C'est chose ordinaire a presque tous ceux qui commencent a servir Dieu et qui ne sont encor point experimentés es soustractions de la grace ni es vicissitudes spirituelles, que leur venant a manquer ce goust de la devotion sensible, et cette aggreaNe lumiere qui les invite a se haster au chemin de Dieu, ilz perdent tout a coup l'haleyne et tombent en pusillanimité et tristesse de coeur. Les gens bien entendus en rendent cette rayson, que la nature raysonnable ne peut longuement durer affamee et sans quelque delectation, ou celeste ou terrestre. Or, comme les ames relevees au dessus d'elles mesmes par l'essay des playsirs superieurs, renoncent facilement aux objetz visibles, ainsy quand par la disposition divine la joye spirituelle leur est ostee, se treuvans aussi d'ailleurs privees des consolations corporelles, et n'estans point encor accoustumees d'attendre en patience les retours du vray soleil, il leur semble qu' elles ne sont ni au ciel ni en la terre, et qu'elles demeureront ensevelies en une nuit perpetuelle : si que,

comme petitz enfançons qu'on sevre, ayans perdu leurs mammelles, elles languissent et gemissent, et deviennent ennuyeuses et importunes, principalement a elles mesmes.

Ceci donq arriva au voyage duquel il est question a l'un de la trouppe, nommé Geoffroy de Peronne, nouvellement dedié au service de Dieu.
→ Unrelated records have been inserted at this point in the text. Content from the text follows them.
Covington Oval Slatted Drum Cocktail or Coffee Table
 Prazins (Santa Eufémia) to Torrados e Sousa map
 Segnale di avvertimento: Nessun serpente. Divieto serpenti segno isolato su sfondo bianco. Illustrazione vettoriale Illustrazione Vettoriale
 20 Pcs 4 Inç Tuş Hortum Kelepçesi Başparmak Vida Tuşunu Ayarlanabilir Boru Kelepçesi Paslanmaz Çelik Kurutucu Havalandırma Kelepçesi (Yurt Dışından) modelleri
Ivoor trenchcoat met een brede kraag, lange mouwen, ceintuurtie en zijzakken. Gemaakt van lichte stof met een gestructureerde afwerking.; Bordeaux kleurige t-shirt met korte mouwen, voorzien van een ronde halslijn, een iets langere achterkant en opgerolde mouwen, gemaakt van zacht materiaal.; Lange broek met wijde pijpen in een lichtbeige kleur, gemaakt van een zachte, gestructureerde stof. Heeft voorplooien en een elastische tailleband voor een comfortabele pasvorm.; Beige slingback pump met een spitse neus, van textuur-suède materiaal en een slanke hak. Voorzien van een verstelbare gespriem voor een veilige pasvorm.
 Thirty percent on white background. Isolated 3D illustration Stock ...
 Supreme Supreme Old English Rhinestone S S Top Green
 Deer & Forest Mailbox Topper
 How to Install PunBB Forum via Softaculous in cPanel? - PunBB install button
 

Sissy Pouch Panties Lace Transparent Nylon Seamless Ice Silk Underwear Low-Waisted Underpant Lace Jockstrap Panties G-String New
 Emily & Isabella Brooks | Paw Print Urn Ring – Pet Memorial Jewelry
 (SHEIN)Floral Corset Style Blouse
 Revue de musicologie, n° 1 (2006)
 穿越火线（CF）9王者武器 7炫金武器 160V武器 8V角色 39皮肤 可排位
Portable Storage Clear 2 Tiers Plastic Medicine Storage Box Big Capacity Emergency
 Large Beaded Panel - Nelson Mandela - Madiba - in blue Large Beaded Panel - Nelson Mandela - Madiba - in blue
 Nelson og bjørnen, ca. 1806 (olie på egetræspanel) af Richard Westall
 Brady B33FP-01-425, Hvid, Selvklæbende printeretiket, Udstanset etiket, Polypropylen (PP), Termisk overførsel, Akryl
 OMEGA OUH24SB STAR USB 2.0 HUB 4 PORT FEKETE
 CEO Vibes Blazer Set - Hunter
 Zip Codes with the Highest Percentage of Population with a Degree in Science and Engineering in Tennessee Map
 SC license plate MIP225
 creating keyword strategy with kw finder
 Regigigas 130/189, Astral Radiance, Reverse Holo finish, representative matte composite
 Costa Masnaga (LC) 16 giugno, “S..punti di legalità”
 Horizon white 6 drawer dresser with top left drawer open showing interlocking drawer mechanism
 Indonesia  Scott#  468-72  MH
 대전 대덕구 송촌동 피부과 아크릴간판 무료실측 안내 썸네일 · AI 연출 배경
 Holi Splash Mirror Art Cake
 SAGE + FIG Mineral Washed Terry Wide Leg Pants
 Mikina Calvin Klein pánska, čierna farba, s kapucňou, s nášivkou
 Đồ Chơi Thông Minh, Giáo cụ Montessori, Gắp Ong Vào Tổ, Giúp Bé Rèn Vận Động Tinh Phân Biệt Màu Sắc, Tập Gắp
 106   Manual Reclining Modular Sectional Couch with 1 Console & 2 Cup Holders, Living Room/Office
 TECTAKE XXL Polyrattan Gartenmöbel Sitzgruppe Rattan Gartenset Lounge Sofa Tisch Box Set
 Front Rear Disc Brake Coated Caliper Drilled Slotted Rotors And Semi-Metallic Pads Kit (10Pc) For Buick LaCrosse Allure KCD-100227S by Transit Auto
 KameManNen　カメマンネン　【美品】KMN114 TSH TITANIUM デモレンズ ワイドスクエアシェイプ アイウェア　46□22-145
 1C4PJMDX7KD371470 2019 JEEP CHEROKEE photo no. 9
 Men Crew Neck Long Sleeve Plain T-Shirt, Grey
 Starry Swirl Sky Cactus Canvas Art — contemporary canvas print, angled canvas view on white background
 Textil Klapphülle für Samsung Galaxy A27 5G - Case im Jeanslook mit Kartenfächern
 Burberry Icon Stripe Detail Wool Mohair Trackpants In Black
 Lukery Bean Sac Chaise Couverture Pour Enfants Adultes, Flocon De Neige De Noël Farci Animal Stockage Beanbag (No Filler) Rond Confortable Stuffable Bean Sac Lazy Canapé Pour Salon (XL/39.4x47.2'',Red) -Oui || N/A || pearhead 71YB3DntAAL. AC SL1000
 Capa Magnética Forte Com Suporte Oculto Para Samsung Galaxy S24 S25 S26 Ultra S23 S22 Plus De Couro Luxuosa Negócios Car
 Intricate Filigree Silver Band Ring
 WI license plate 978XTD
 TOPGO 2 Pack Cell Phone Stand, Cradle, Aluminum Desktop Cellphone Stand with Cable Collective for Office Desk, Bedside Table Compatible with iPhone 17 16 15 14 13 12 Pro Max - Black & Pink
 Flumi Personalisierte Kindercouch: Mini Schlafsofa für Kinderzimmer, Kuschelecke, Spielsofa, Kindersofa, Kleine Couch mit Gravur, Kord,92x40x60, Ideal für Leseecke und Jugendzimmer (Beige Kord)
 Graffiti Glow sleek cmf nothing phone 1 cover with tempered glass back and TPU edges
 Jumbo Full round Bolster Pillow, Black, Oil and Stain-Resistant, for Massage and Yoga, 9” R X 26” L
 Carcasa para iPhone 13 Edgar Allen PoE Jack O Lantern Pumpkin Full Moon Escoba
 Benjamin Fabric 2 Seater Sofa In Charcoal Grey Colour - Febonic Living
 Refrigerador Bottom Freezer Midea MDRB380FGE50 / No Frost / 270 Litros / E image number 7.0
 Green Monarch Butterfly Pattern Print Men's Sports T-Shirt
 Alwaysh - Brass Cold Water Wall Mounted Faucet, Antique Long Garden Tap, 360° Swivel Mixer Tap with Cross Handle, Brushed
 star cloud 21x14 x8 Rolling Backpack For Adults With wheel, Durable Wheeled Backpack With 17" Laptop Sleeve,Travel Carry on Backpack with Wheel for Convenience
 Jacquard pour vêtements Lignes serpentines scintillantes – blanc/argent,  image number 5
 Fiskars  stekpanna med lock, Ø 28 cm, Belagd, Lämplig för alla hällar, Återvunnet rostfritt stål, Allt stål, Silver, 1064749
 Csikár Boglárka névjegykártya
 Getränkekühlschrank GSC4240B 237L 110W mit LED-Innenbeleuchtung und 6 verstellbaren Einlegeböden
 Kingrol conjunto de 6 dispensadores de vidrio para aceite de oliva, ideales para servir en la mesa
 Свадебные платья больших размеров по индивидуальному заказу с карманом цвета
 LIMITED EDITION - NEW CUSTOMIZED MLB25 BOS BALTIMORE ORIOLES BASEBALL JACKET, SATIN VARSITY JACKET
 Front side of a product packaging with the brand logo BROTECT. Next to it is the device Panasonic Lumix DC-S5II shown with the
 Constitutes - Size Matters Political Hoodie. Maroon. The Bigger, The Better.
Celuy ci, rendu soudainement aride, destitué de consolation et occupé des tenebres interieures, commença a se ramentevoir de ses amis mondains, de ses parens, des facultés qu'il venoit de laisser, au moyen dequoy il fut assailli d'une si rude tentation que, ne pouvant la celer en son maintien, un de ses plus confidens s'en apperceut, et l'ayant dextrement accosté avec douces parolles luy dit en secret : " Que veut dire ceci Geoffroy ? comment est ce que contre l'ordinaire, tu te rends si pensif et affligé ? " Alhors Geoffroy, avec un profond souspir,

"Ah mon frere, " respondit il, "jamais de ma vie je ne seray joyeux. " Cet autre, esmeu de pitié par telles parolles, avec un zele fraternel alla soudain reciter tout ceci au commun Pere saint Bernard, lequel, voyant le danger, entra en une eglise prochaine afin de prier Dieu pour luy ; et Geoffroy ce pendant, accablé de la tristesse, reposant sa teste sur une pierre, s'endormit. Mais apres un peu de tems, tous deux se leverent, l'un de l'orayson avec la grace impetree, et l'autre du sommeil, avec un visage si riant et serein que son cher ami, s' esmerveillant d'un si grand et soudain changement, ne se peut contenir de luy reprocher amiablement ce que peu auparavant il luy avoit respondu ; alhors Geoffroy lu y repliqua : " Si auparavant je te dis que jamais je ne serois joyeux, maintenant je t'asseure que je ne seray jamais triste. "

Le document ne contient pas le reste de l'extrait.